Exercise: Return every entry below word for word and leave out any picture.

-------- Records supplied

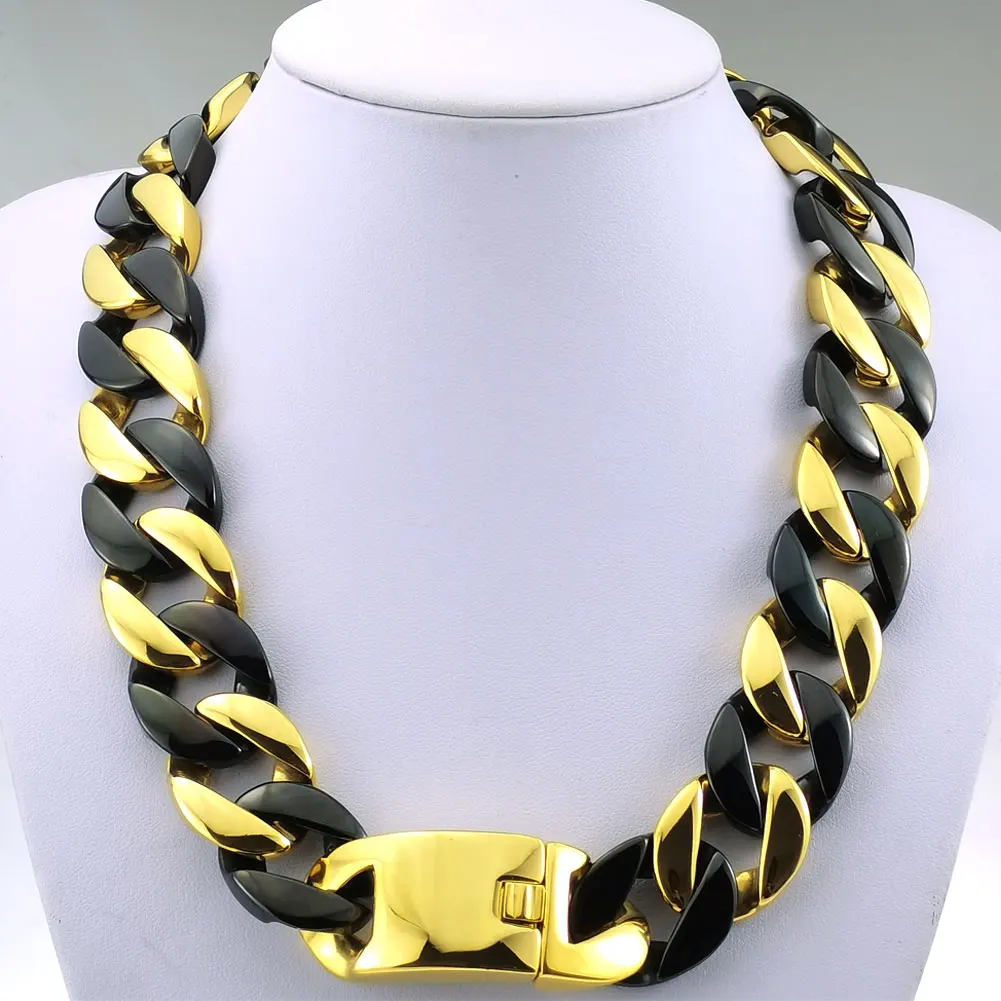 

Men woman 316L stainless steel 18K gold & black tone 24mm miami Curb Rainbow Cuban Link Chain Necklace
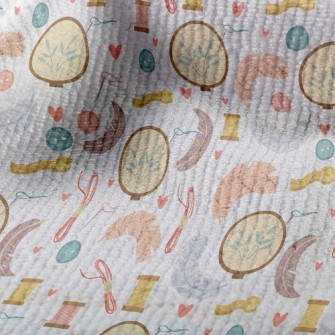 Hand Embroidered Feathers Terry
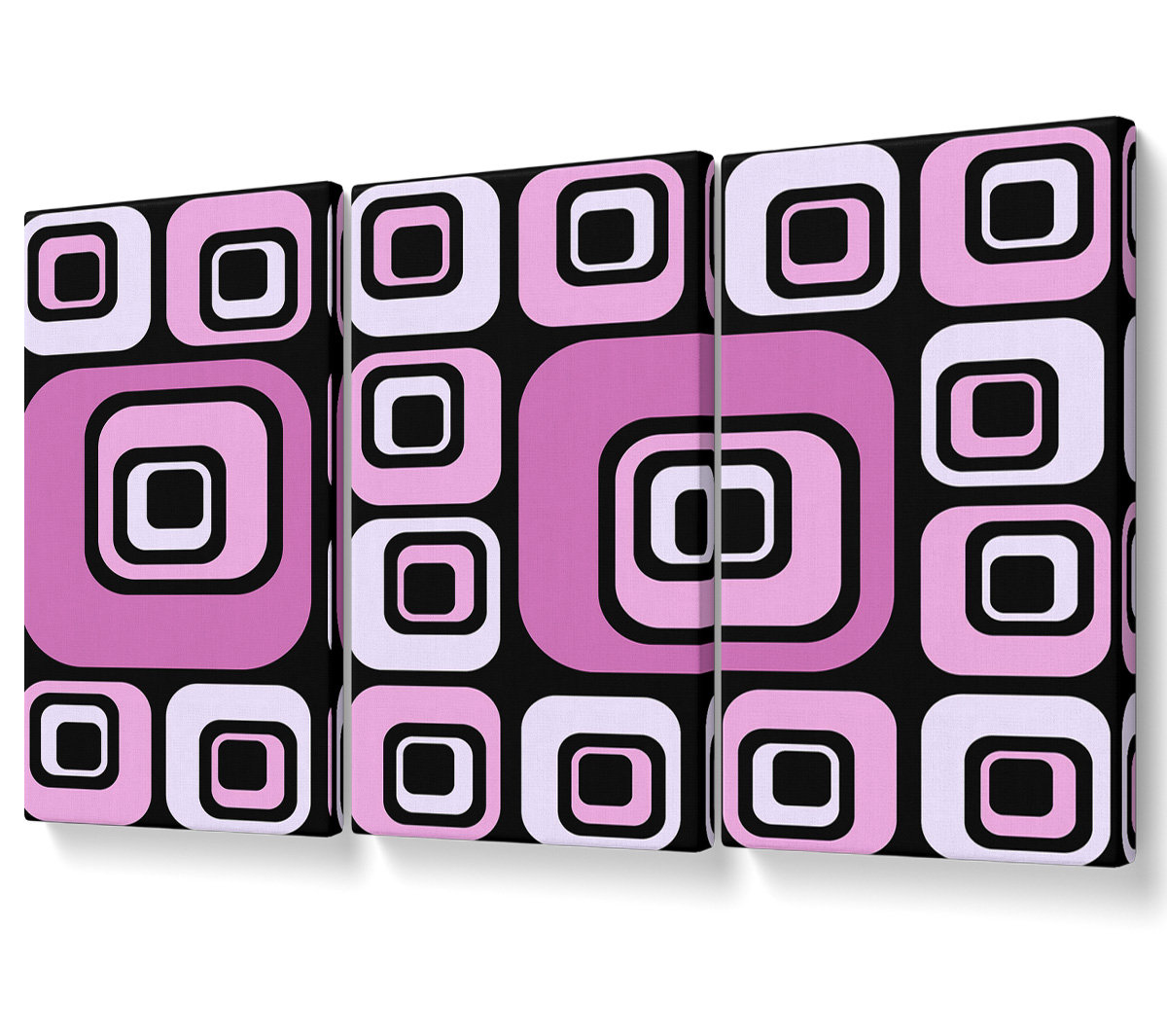 Ivy Bronx Squareness of Pink - 3 Piece Wrapped Canvas Graphic Art ...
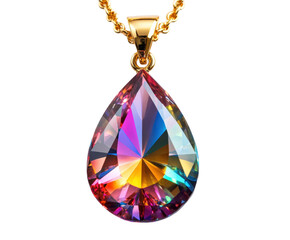 Sparkling gem necklace jewelry bright luxury isolated on transparent background, png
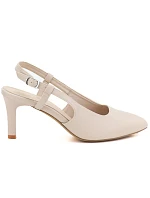 Lodičky na jehlovém podpatku bez podpatku lakované béžové Sergio Leone SK157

----------------

Written solution:
Men woman 316L stainless steel 18K gold & black tone 24mm miami Curb Rainbow Cuban Link Chain Necklace
 Hand Embroidered Feathers Terry
 Ivy Bronx Squareness of Pink - 3 Piece Wrapped Canvas Graphic Art ...
 Sparkling gem necklace jewelry bright luxury isolated on transparent background, png
 Lodičky na jehlovém podpatku bez podpatku lakované béžové Sergio Leone SK157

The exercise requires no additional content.